Hi,
Is it possible to control the data alignment of Julia Arrays (for example to enable direct use of
the vloada
function of SIMD.jl package) ?
What do you mean?
Julia arrays of isbits
types are stored in column major format.
If you want to change this, you could define your own array type and specify a different getindex function.
I was unclear.
I wonder if it is possible to control the alignment of the memory allocated for Julia Arrays to enforce the first array element address to be a multiple of N=(32) bytes for AVX2.
This is enforced by a (Julia) compile-time constant for Array
instantiation right now — the first element is aligned to 16 bytes. So, no, it’s not terribly easy to control that.
I would not worry about this too much. If you only care about vectorized code, most aligned instruction should just work fine on unaligned data and simply become slow.
As far as I understood, large arrays are always JL_CACHE_BYTE_ALIGNMENT = 64
byte aligned, if they are longer than ARRAY_INLINE_NBYTES = (2048*sizeof(void*))
= 16 KB. So if you are adressing into a large matrix, then you always control the alignment.
Short testing (on linux 64 bit, both 0.62 and 0.7) got me better alignment in practice most of the time for even smaller arrays:
julia> for i=1:1000 AA=zeros(UInt8,1952); assert(0x40== pointer(AA)-pointer_from_objref(AA)); assert(0==reinterpret(UInt64,pointer(AA)) & UInt64(63)) end
julia> for i=1:1000 AA=zeros(UInt8,1951); assert(0x40== pointer(AA)-pointer_from_objref(AA)); assert(0==reinterpret(UInt64,pointer(AA)) & UInt64(63)) end
ERROR: AssertionError:
Do you know if that is set to 128 for the POWER architecture? (if not, it should be)
OK, thank for your answers. So it is 16 bytes (minimum) or 64 bytes for large arrays.
I don’t really understand this:
I believe that an aligned load instruction will crash on unaligned data. In addition, becoming slow is quite problematic if you engage a vectorization process…
Anyway thank you for indicating the JL_CACHE_BYTE_ALIGNMENT and ARRAY_INLINE_NBYTES constants. It will help me to find how the allocation is done.
I guess that this choice for allocation has been carefully made. I clearly do not know what would imply to allow more control on this choice. If it could be done I believe that it could be useful for vectorization via package like SIMD.jl.
I think not, I found the original question interesting and looked it up in the source code here.
However, the allocator will often produce better alignment than requested, just as shown in the experiment. I haven’t read the code of the impressively fast pool allocator, but if the better alignments for shorter arrays are in fact reliable (and not just true in practice) one might document this behavior.
IMHO often is problematic because you can’t use aligned access instructions in your code.
It’s done here.
No, I think it’s black magic, and we could get better alignment for free: I think that the pool allocator doesn’t like to mix tiny and medium objects anyway, and medium-sized objects appear to get good alignment today.
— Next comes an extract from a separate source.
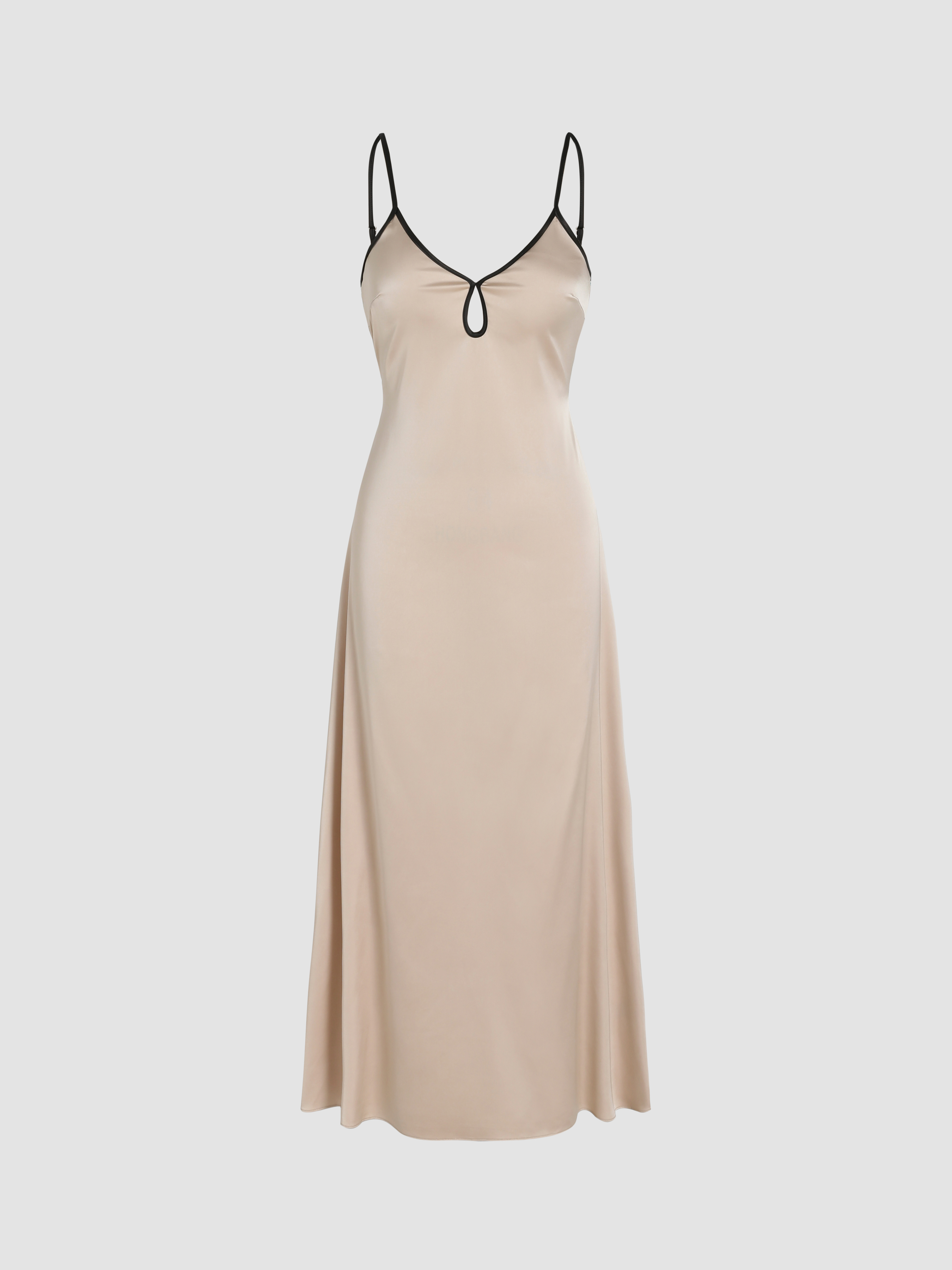 Contrast Trim Cut Out Maxi Dress Cider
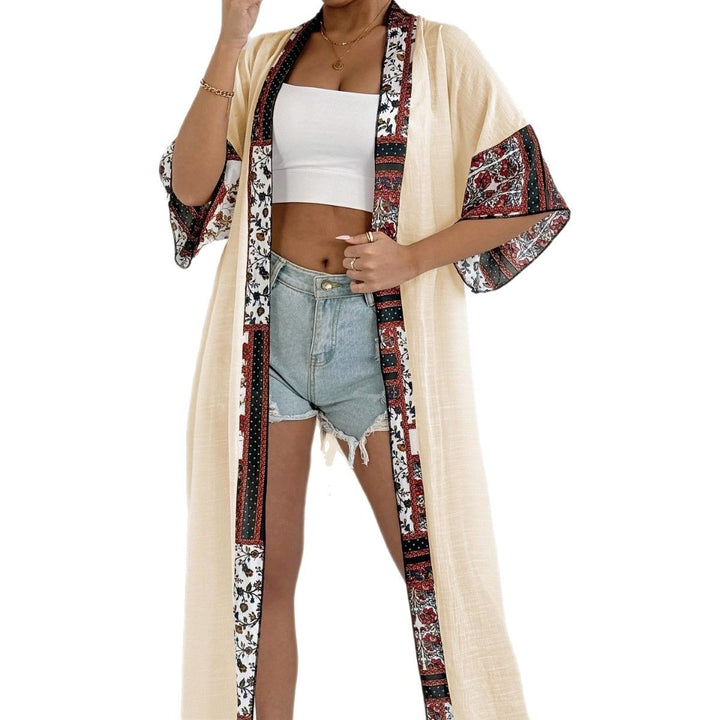 Damen eleganter, leichter Kaftan mit buntem Häkelbesatz Echo Archiv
Maybe it’s just a documentation issue? But I have not yet read the code for the pool allocator.
What instructions do you plan to use? As far as I understood, some aligned vector load instructions check alignment and crash, but other vector loads are just as fast for aligned data (but become slow if alignment fails). For this one, you should really look at the processor manual / google for explanations and cycle counts. I don’t know the relevant instructions by heart, normally not an assembly programmer.
Thank you for the link.
Ok, now I think I understand. You say that I can use the safe vload
instruction of the SIMD.jl package instead of the unsafe vloada
without significant performance penalty. It probably depends on the target architecture. It was not the case in the past but I must experiment on current architecture.
The other possibility is to check the alignment in the beginning and branch to a different implementation if it is misaligned. Or use scalar instructions for the first few array elements until you get to an element with the desired alignment, then switch to SIMD.
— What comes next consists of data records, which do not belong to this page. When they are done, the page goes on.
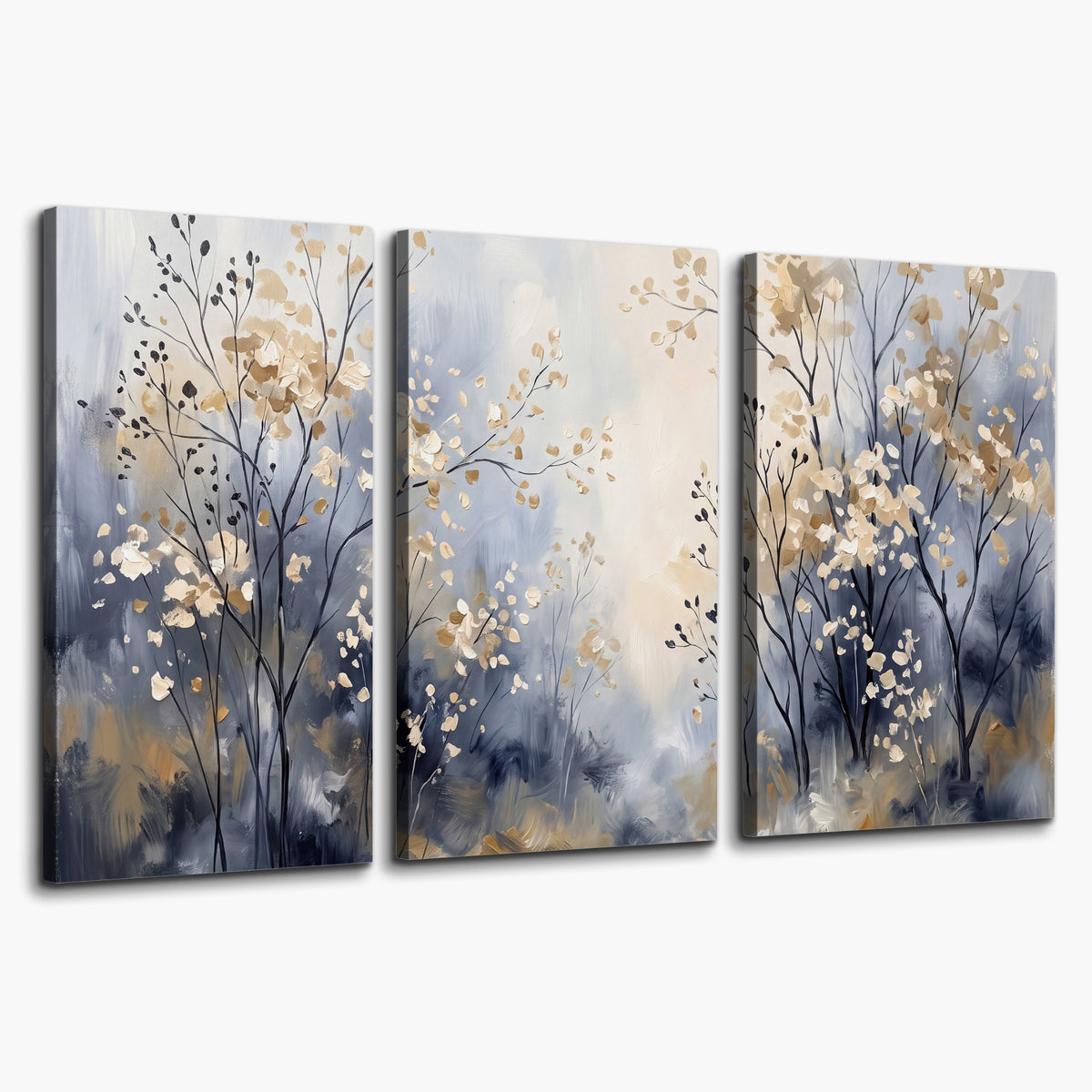 Delicate pale gold-colored branches against a deep blue misty background 3 piece canvas wall art on a white background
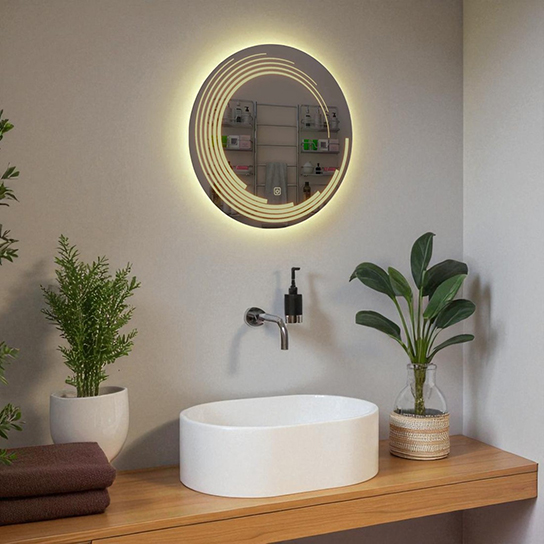 The Attic Rockville LED Mirror | Mirror with Spiral Light Design | Touch Sensor Wall Mounted Mirror | Backlit Vanity Mirror for Dressing & Wash Basin Area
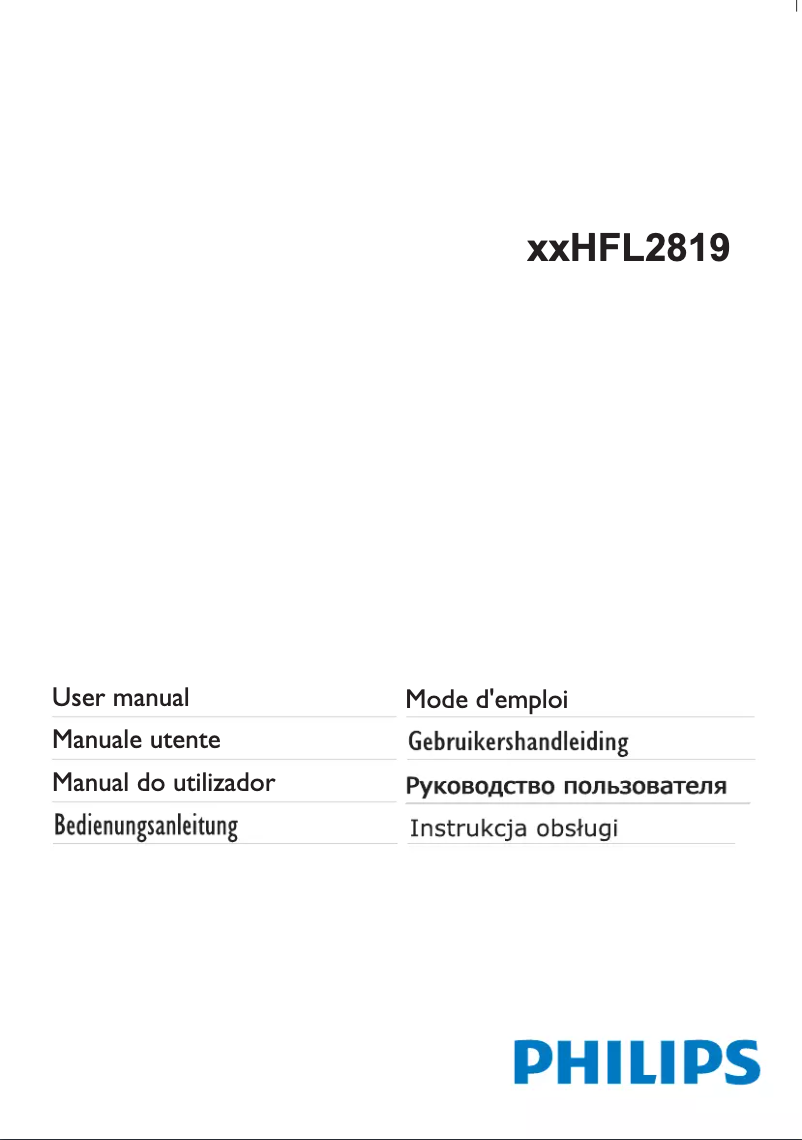 Page n°1 - Manuel utilisateur Philips 22HFL2819P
For shorter things, that can slow things down enough to be significant.
I’m hoping that at some point, small strings can be better aligned (they are always misaligned currently,
because of the 4/8 byte length, that is at the start of each allocated 16 byte chunk.
It might make sense to allocate small strings out of a pool that always allocates 16-byte chunks at an offset of 8.
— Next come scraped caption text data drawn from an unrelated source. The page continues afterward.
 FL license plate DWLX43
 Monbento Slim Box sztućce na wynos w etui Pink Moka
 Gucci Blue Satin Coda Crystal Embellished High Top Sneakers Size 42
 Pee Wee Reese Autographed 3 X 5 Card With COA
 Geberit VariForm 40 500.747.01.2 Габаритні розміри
Yes, but it is more work and an additional test that can cost a few cycles
The constants defined in src/julia_internal.h should allow me to study the merit of larger alignment constraints.
If am able to show some cases where larger alignments provide significative performance improvements, I guess that it may be a sound base to discuss the opportunity for an evolution of the Julia’s allocation alignment policy.
Don’t trust stuff I half-remember, experiment, google and consult the processor manual. I really am no uarch expert.
But yes, that’s what I was saying.
One important thing to note: the older instructions (SSE, maybe SSE2?) require 16-byte alignment in many cases.
OK. I only consider to increase the alignment constraint to 32 or 64 bytes for arrays. The problem of doing it globally via the internal definition of Julia is that it will waste some memory space for small arrays and may reduce global performance of applications. But it is not a problem for local experiments.
I have implemented a C++ ND-array library called Legolas++ which allow to control the underlying data layout with type parameters (slides). The idea was to allow for automatic vectorization of arbitrary algorithms applied to a collection of equally sized problems. I think that it can be efficiently written in Julia but the control of the memory alignment would greatly simplify this work.
No, I was thinking of having the pools used for small allocations set up so that things would be better aligned for their use, to avoid crossing cache lines also, for example.
It would not waste any more space than the current scheme.
OK I see, for a memory pool it should work. But if you have to deal with a large quantify of small objects, with sizes not being multiple of 16, then you will need some extra space… A kind of 1D Tetris problem . This concern differs largely from mine where I want to play on very large chunks of memory and avoid to deal with nonalignment prologues.
Because of the variety of situations, I guess that in the end, a kind of control on the allocator may be interesting to have.
I think that enforcing 64-byte alignment on >= 2KB objects, plus guaranteed padding to a multiple of 64 byte (so that you can’t corrupt memory by overwriting the trailing rest of the last line) would not be too expensive and be very nice for a lot of code (and I have the feeling that this is already the case, only undocumented and hence open to changes without warning). But at this point someone who actually understands the pool allocator should chime in.
Depending on how your target arch reacts to alignment failures for the instructions you use, you can then get a very simple prologue: Either nothing (tiny objects are still handled correctly, only slower, but being fast on them is not your goal anyway), or do an alignment check and punt to generic fall-backs in case of alignment failure.